There was a time when I believed some friendships could last forever. The kind of bond that begins in childhood, weathers every storm, and becomes a permanent fixture in your life. You know… like in the 1995 classic Now and Then. But recently, I found myself sitting across from a friend who once felt like my closest confidante—someone who had stood beside me through the milestones that shaped who I am.
And now? Well… now, it felt like I was sitting across from someone who only knew the outline of my life, as if the years between us had turned into polite bullet points rather than shared understanding.
This wasn’t just a fleeting moment of disappointment. It was a reckoning.
As we sipped our drinks, the conversation drifted—her new car, her child’s extracurriculars, and a few surface-level complaints about work. Meanwhile, I sat there with something far heavier bubbling inside: I’m queer. Surprise! At 38, a married woman with two kids and a husband who is, without question, the most cisgender, heterosexual man I’ve ever met, this realization isn’t exactly a Pinterest-worthy coming-out story. Let me tell you, it’s complicated arriving at queerness when your day starts with a school drop-off and ends with debating whether to watch Bluey or a rerun of Cheers.
I had hoped this friend—this person who had shared so much of my life—might be the one to help me unpack the joy, terror, and messy beauty of this truth. But as I tried to steer the conversation toward something deeper, it felt like tossing pebbles into an endless, shallow pool.
She didn’t ask. She didn’t dig. Instead, the moment felt like a dress rehearsal for vulnerability, with no audience to care if I delivered my lines.
BTW, is this mic on? Testing, one… two..mic check.

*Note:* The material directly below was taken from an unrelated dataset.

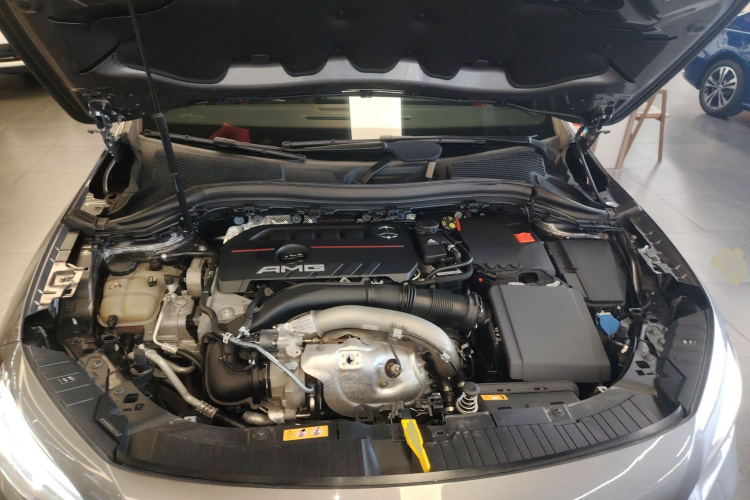 奔驰GLA AMG 2021款 AMG GLA 35 4MATIC机舱底盘24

And that’s when it hit me: this friend doesn’t really know me anymore. She knows the version of me from a decade ago, maybe longer—the safe version, the predictable one. The one, as Danielle Prescod thoughtfully put it, the token Black girl. But the me sitting at that table? The one piecing together professional stressors, queerness, womanhood, and motherhood while still getting everyone to dance practice on time? She didn’t see that person at all.
When Friendships Drift
The quiet death of depth in our friendship mirrored a broader truth: we are no longer in the same chapter of our lives.
Research shows that life transitions—like marriage, career shifts, or parenthood—are a leading cause of friendships drifting apart. According to a Pew Research Center study, while 61% of U.S. adults say having close friends is essential for a fulfilling life, many adults find themselves prioritizing fewer, deeper relationships as they age.

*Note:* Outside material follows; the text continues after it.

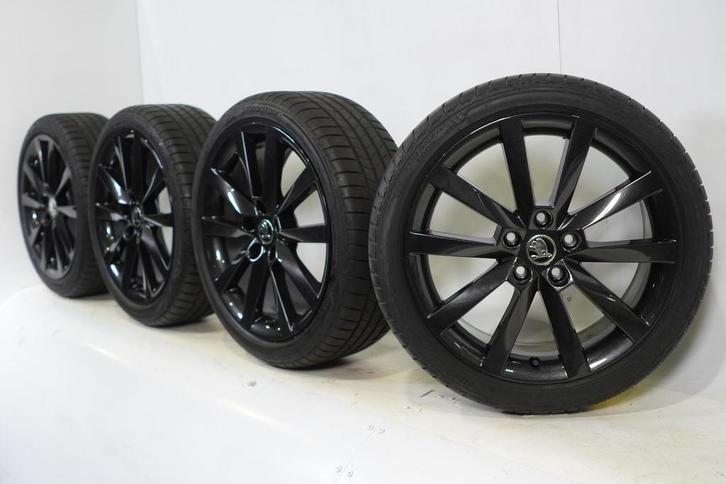 Skoda Octavia III 18 inch velgen Bridgestone Zomerbanden Ori, Auto-onderdelen, Banden en Velgen, Ophalen of Verzenden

I’ve spent the last decade doing self-work—unpacking my identity as a queer Black woman, confronting the systemic weight of racism and sexism, and learning to find joy even in the messy contradictions of my life. She, on the other hand, has stayed tethered to the rhythms of a life she’s long known.
It’s Midwestern suburban motherhood in its most curated form: endless debates about Lululemon leggings, Stanley cups, and who’s organizing teacher gifts. And honestly? It fills me with rage.
Because let’s be clear: this isn’t the life of women in Appalachia or our nation’s urban core, where survival is the priority. This is the carefully filtered world of wine nights, meal kits, and Instagram captions about “self-care.” It’s the upside-down T of suburban economic opportunity, where lawns are manicured, and the biggest crisis is deciding between Starbucks gift cards or succulents for Teacher Appreciation Week.
And all the while, just a mile down the road, there are families fighting to keep the lights on, to access clean water, to simply survive.
To live in this bubble is one thing. But to stay blind to its borders—blissfully unaware or willfully indifferent—is something else entirely.
Meanwhile, the world is literally on fire. Climate change, systemic racism, attacks on queer and trans rights—it’s all happening in real-time. Not that I expect every conversation to turn into a symposium on global inequities, but the relentless triviality? The bubble of comfort? It suffocating.
The Exhaustion of Performing Friendship
Brené Brown writes in The Gifts of Imperfection (available on Bookshop),
“Authenticity is a collection of choices that we have to make every day. It’s about the choice to show up and be real.”
But what happens when authenticity feels unsafe?
As a Black woman navigating predominantly white spaces, I’ve often felt the weight of performance in friendships. The quiet exhaustion of being someone’s “Black friend,” someone whose presence they wield as a shield against accusations of bias, is a unique kind of loneliness.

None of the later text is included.